このコーナーは、月刊誌「ケアマネジャー」(中央法規出版)の創刊号(1999年7月発刊)から第132号(2011年3月号)まで連載された「誌上ケース検討会」の記事を再録するものです。
同記事は、3人のスーパーバイザー(奥川幸子氏、野中猛氏、高橋学氏)が全国各地で行った公開事例検討会の内容を掲載したもので、対人援助職としてのさまざまな学びを得られる連載として好評を博しました。
記事の掲載から年月は経っていますが、今日の視点で読んでも現場実践者の参考になるところは多いと考え、公開することと致しました。
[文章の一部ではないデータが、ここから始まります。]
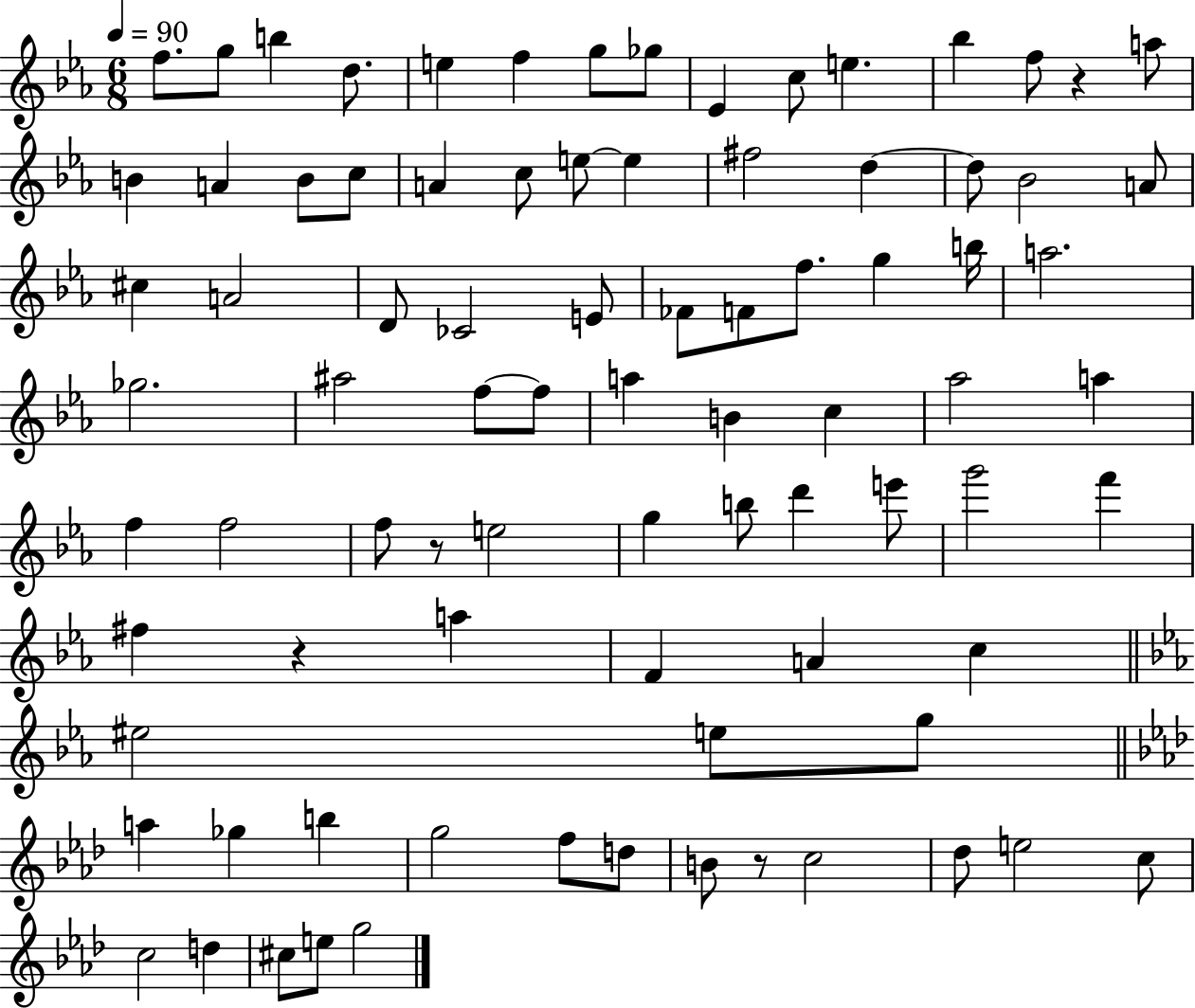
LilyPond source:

{
  \clef treble
  \numericTimeSignature
  \time 6/8
  \key ees \major
  \tempo 4 = 90
  f''8. g''8 b''4 d''8. | e''4 f''4 g''8 ges''8 | ees'4 c''8 e''4. | bes''4 f''8 r4 a''8 | \break b'4 a'4 b'8 c''8 | a'4 c''8 e''8~~ e''4 | fis''2 d''4~~ | d''8 bes'2 a'8 | \break cis''4 a'2 | d'8 ces'2 e'8 | fes'8 f'8 f''8. g''4 b''16 | a''2. | \break ges''2. | ais''2 f''8~~ f''8 | a''4 b'4 c''4 | aes''2 a''4 | \break f''4 f''2 | f''8 r8 e''2 | g''4 b''8 d'''4 e'''8 | g'''2 f'''4 | \break fis''4 r4 a''4 | f'4 a'4 c''4 | \bar "||" \break \key ees \major eis''2 e''8 g''8 | \bar "||" \break \key f \minor a''4 ges''4 b''4 | g''2 f''8 d''8 | b'8 r8 c''2 | des''8 e''2 c''8 | \break c''2 d''4 | cis''8 e''8 g''2 | \bar "|."
}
第72回 希望通り在宅で亡くなったケースへの支援を振り返る
(2006年5月号(2006年4月刊行)掲載)

スーパーバイザー

野中 猛
(プロフィールは下記)

事例提出者

Tさん(居宅介護支援事業所・看護師)

事例の概要

 クライアントは76歳の男性Sさん。地元で生まれ育ち、26歳で結婚。30歳で独立して工務店を起業する。一男一女をもうけ、仕事一筋の生活を送る。豪放磊落な性格で、亭主関白を絵に描いたような暮らしぶり。60歳を過ぎた頃から健康状態が悪くなる。糖尿病と診断され、インシュリン治療が始まる。65歳で長男に会社を譲る。73歳のとき、自宅で脳梗塞発症。その後も何度か再発を繰り返し、左上下肢に麻痺が残る。平成17年秋、ショートステイ中に誤嚥性肺炎を起こし、入院。退院後、自宅で療養するが、10日後に病態が急変し、死去。

既往歴

平成2年 糖尿病のためインシュリン治療開始
平成14年 脳梗塞発症。以後再発を繰り返す。左上下肢不完全麻痺、介助杖歩行可、障害老人日常生活自立度B2、痴呆性老人日常生活自立度Ⅱa
平成17年 終日傾眠がちとなり、嚥下障害等で体重減少、ADL低下が著明(障害老人日常生活自立度C2)、要介護5

家族関係

妻:72歳。既往歴等はないが、年齢相応の体力の衰えはある。
長男:48歳。父が興した会社を引き継ぐ。両親が住む家の向かいに居住。両親の生活費を全面的に援助している。
長女:45歳。隣市に居住。車で15分ほどの距離。週2回程度訪問し、妻の話し相手になるなど、精神的負担の軽減に努めている。

プロフィール

野中 猛(のなか たけし)

1951年生まれ。弘前大学医学部卒業。藤代健生病院、代々木病院、みさと協立病院、埼玉県立精神保健総合センターを経て、日本福祉大学社会福祉学部教授。専攻は臨床精神医学、精神障害リハビリテーション、地域精神保健、精神分析学など。主な著書に『心の病 回復への道』(岩波新書)、『図説ケアマネジメント』『ケア会議の技術』『多職種連携の技術(アート)』(以上、中央法規出版)、『ソーシャルワーカーのための医学』(有斐閣)などがある。 2013年7月逝去。